Thanks for the thought.
Got most of the engine back together,Inc new gaskets, although I was sent the Wrong thrust washers, so couldnt fit the sump!Disapointing!
I was reading the manual and I get the impression it matters which way the dizzy drive is fitted,
If its in wrong does this upset the timing?
Whats involved in getting the timing right?
Thanks for the thought.
Got most of the engine back together,Inc new gaskets, although I was sent the Wrong thrust washers, so couldnt fit the sump!Disapointing!
I was reading the manual and I get the impression it matters which way the dizzy drive is fitted,
If its in wrong does this upset the timing?
Whats involved in getting the timing right?
What is wrong with the thrust washers ? Are they the larger ones for a 1275 ? When you do get the new ones make absolutely sure you put them in the right way round! And hold them in place with some grease till you get the cap on. Of course - absolute cleanliness when assembling the crank - and flush the oil ways in the crank with solvent(carb cleaner from Poundshop is good) and probe with pipe-cleaners and/or welding wire to chase out any grit left from the regrind. Assemble the bearings with lashings of oil - and then tighten them one by one, checking the crank is free to turn easy after each one is tightened - then finally torque them up - again check after each bearing is torqued.

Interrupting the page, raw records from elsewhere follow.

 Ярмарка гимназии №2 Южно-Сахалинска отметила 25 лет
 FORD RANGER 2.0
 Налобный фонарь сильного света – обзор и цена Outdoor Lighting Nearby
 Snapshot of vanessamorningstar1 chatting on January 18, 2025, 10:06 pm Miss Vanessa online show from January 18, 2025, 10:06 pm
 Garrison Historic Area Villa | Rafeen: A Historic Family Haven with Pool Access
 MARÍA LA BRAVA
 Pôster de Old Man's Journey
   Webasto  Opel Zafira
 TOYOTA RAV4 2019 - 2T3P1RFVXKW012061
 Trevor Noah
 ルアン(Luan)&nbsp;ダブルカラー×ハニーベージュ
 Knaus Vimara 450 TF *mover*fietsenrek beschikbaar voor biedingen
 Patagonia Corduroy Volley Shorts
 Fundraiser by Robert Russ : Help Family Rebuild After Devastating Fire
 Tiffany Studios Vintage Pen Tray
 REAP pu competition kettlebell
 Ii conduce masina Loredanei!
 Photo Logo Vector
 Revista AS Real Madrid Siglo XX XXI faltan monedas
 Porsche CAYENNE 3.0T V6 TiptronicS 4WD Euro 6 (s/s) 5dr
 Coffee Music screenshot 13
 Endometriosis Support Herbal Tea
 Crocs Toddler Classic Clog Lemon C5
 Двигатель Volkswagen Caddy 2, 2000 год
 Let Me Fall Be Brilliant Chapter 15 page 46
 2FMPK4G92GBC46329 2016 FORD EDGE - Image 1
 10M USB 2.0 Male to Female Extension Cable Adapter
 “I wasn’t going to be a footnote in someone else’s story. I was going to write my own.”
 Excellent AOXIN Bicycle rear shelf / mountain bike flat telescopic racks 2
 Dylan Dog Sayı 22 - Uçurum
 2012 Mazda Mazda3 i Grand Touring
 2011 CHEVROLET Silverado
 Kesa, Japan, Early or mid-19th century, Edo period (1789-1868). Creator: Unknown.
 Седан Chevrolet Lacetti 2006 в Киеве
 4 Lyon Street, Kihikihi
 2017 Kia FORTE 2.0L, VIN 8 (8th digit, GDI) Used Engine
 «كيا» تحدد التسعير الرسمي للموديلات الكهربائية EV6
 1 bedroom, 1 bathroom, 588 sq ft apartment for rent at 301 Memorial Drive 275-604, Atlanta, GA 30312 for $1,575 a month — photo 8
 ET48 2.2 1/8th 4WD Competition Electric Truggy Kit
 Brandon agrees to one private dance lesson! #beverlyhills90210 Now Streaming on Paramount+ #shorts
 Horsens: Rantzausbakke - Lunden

Dizzy drive - well, best to put it in as per manual - but it's not critical - you will need to set up the timing anyway. Doing as per manual ensures the dizzy sits in a position where the clips/vacuum unit etc don't foul on other bits and bobs!
Dizzy drive - well, best to put it in as per manual - but it's not critical - you will need to set up the timing anyway. Doing as per manual ensures the dizzy sits in a position where the clips/vacuum unit etc don't foul on other bits and bobs!